**Source material**
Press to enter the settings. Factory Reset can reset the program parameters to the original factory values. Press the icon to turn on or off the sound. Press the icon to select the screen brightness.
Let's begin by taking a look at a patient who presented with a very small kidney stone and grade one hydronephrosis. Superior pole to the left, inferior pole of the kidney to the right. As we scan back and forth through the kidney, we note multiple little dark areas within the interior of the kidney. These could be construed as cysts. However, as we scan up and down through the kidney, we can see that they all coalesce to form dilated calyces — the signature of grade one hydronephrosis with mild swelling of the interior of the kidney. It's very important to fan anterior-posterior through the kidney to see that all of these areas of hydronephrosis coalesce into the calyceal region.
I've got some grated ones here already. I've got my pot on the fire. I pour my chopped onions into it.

---

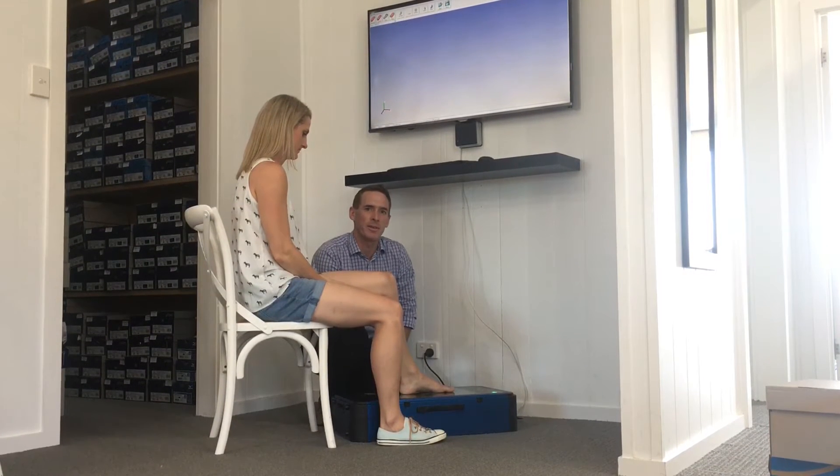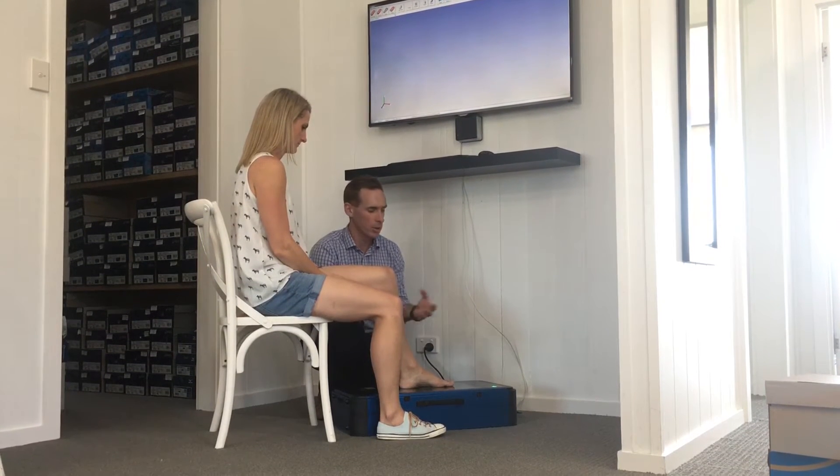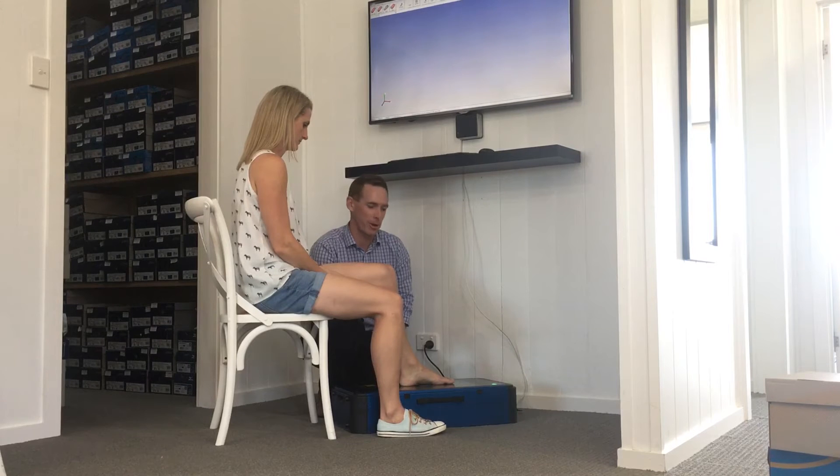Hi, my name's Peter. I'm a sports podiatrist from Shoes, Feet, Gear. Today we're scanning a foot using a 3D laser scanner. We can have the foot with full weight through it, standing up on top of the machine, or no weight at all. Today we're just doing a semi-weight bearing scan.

**Prompt**
The exact lines of the material above starting at the one that contains "Let's begin by" and ending at the one that contains "I've got some" are what to retype; leave out everything else.

**Exercise answer**
Let's begin by taking a look at a patient who presented with a very small kidney stone and grade one hydronephrosis. Superior pole to the left, inferior pole of the kidney to the right. As we scan back and forth through the kidney, we note multiple little dark areas within the interior of the kidney. These could be construed as cysts. However, as we scan up and down through the kidney, we can see that they all coalesce to form dilated calyces — the signature of grade one hydronephrosis with mild swelling of the interior of the kidney. It's very important to fan anterior-posterior through the kidney to see that all of these areas of hydronephrosis coalesce into the calyceal region.
I've got some grated ones here already. I've got my pot on the fire. I pour my chopped onions into it.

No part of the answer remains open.